-- Task goal --
All of the records should be reproduced word for word, but no images may appear in the copy.

-- Data to use --
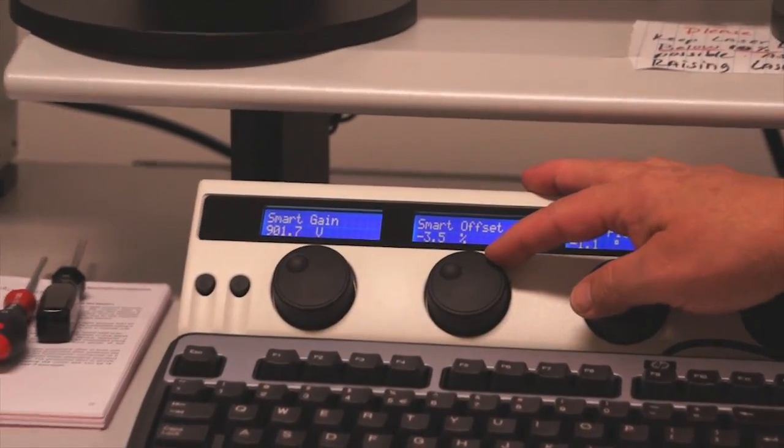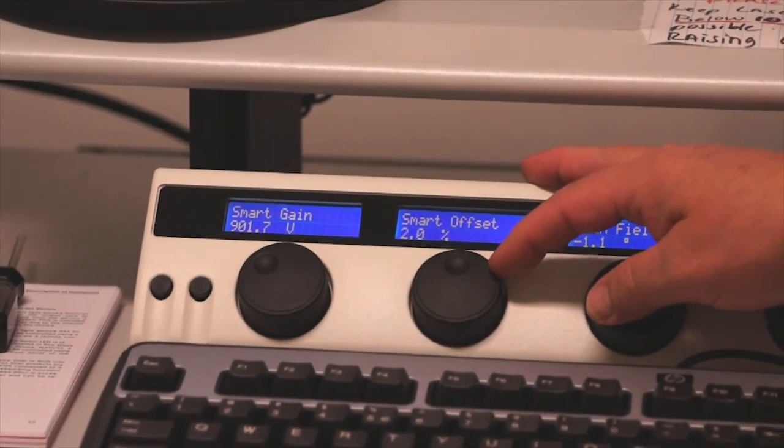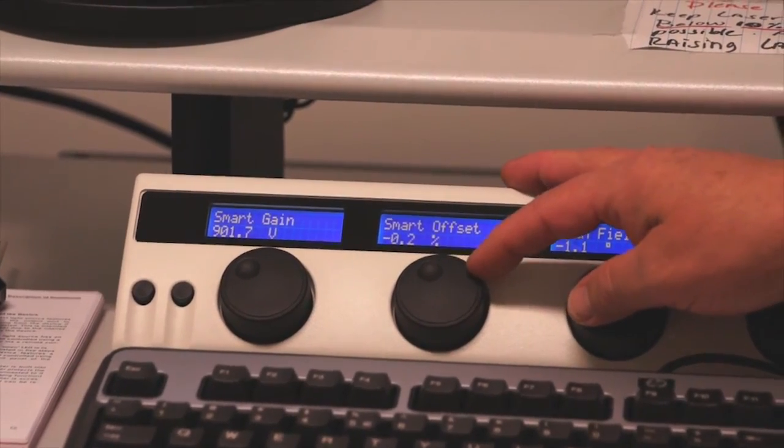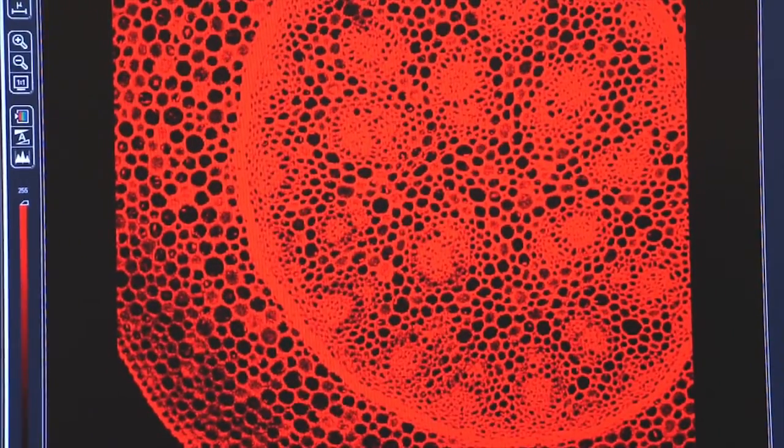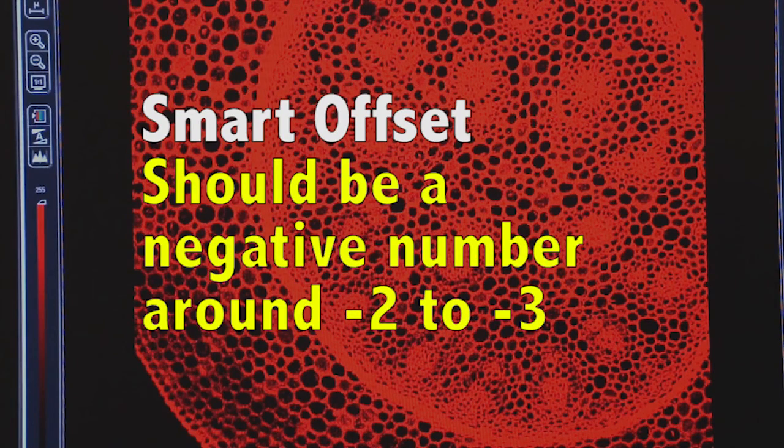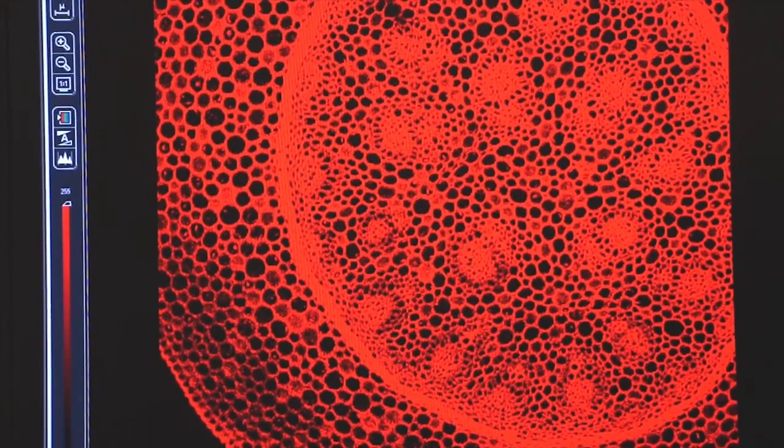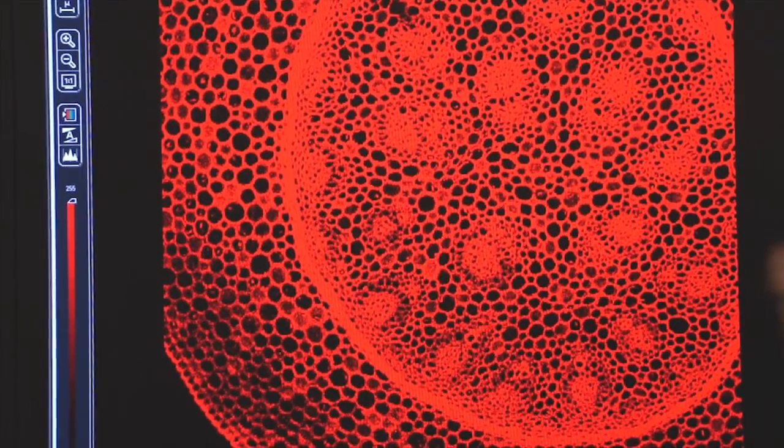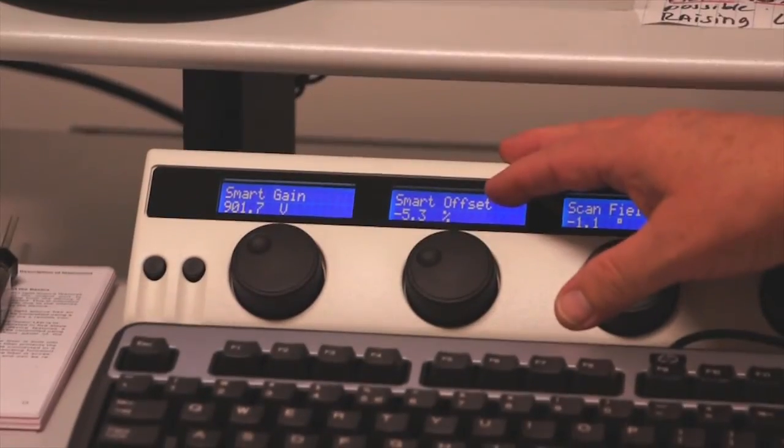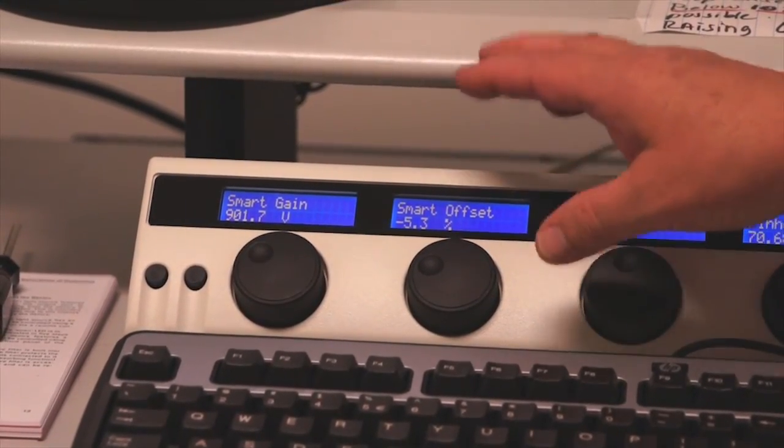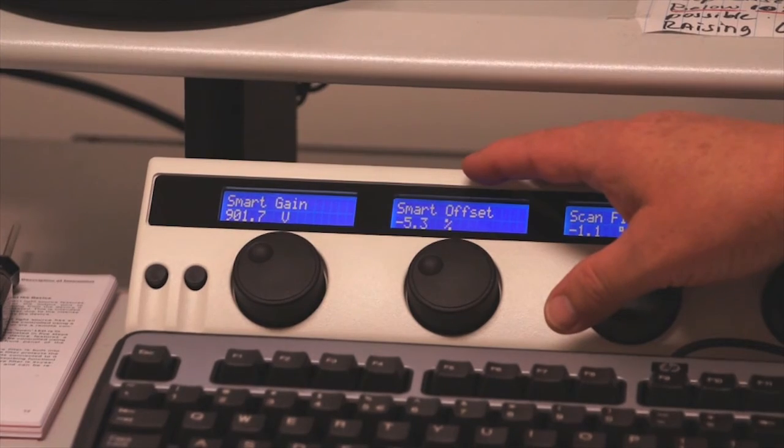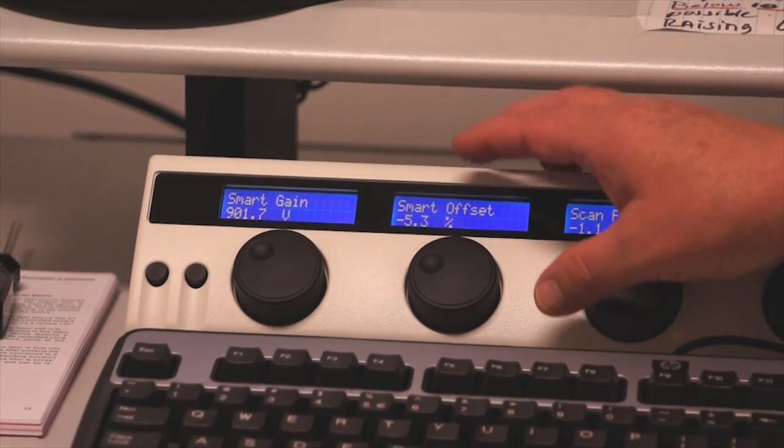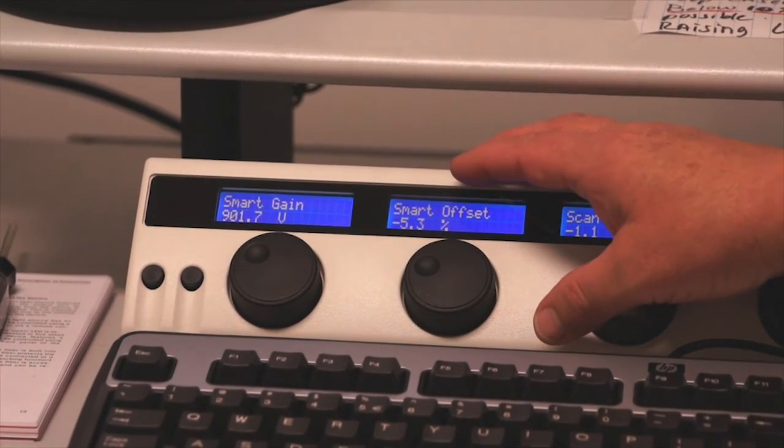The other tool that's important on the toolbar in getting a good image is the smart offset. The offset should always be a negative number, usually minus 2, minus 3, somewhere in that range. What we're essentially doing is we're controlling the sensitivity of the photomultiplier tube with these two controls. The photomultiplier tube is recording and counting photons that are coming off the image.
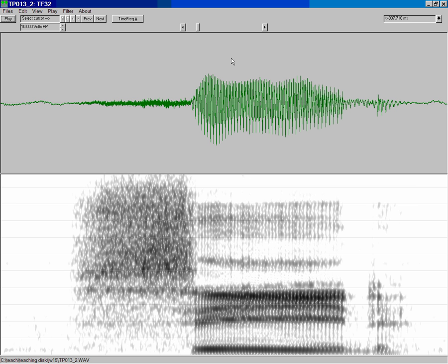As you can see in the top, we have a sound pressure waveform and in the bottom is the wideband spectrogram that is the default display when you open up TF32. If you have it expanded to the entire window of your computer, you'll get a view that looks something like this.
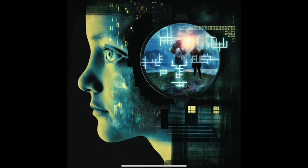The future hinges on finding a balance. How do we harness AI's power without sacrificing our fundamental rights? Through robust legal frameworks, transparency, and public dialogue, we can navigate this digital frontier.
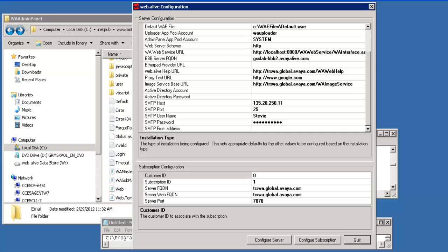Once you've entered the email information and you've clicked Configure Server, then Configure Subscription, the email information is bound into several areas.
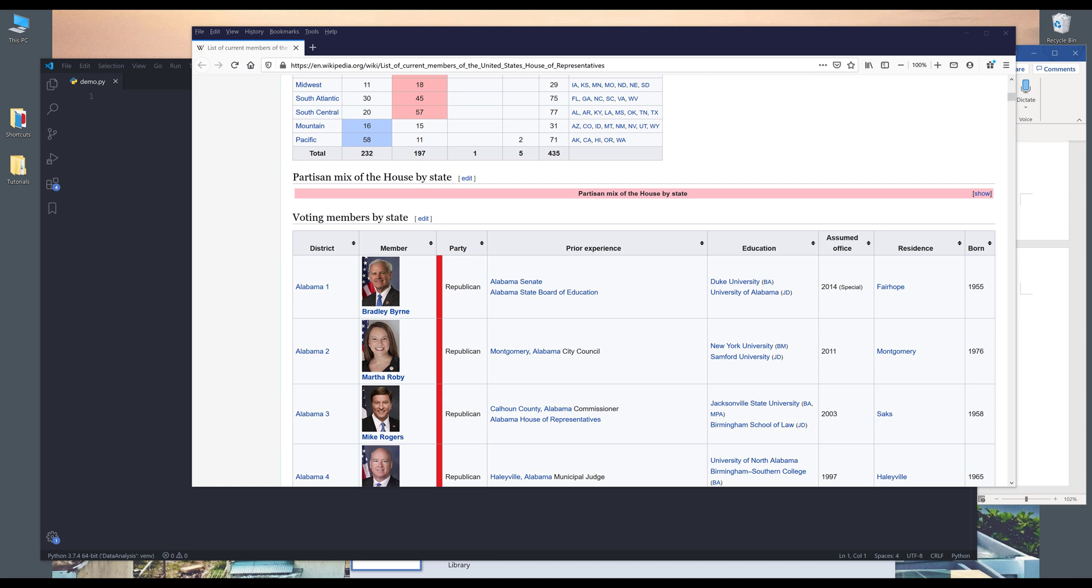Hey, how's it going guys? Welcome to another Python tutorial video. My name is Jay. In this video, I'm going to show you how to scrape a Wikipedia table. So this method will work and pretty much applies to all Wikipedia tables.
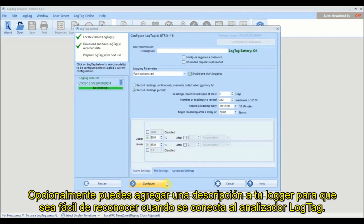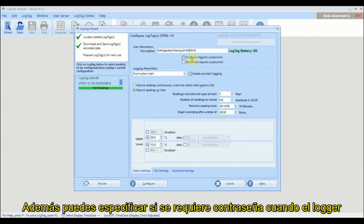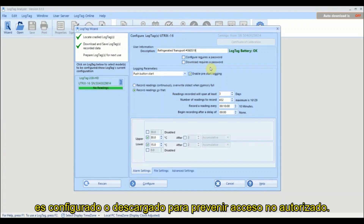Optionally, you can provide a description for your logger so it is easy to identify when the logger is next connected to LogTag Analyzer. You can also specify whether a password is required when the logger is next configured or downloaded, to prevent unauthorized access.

-- Reply --
The other tool that's important on the toolbar in getting a good image is the smart offset. The offset should always be a negative number, usually minus 2, minus 3, somewhere in that range. What we're essentially doing is we're controlling the sensitivity of the photomultiplier tube with these two controls. The photomultiplier tube is recording and counting photons that are coming off the image.
As you can see in the top, we have a sound pressure waveform and in the bottom is the wideband spectrogram that is the default display when you open up TF32. If you have it expanded to the entire window of your computer, you'll get a view that looks something like this.
The future hinges on finding a balance. How do we harness AI's power without sacrificing our fundamental rights? Through robust legal frameworks, transparency, and public dialogue, we can navigate this digital frontier.
Once you've entered the email information and you've clicked Configure Server, then Configure Subscription, the email information is bound into several areas.
Hey, how's it going guys? Welcome to another Python tutorial video. My name is Jay. In this video, I'm going to show you how to scrape a Wikipedia table. So this method will work and pretty much applies to all Wikipedia tables.
Optionally, you can provide a description for your logger so it is easy to identify when the logger is next connected to LogTag Analyzer. You can also specify whether a password is required when the logger is next configured or downloaded, to prevent unauthorized access.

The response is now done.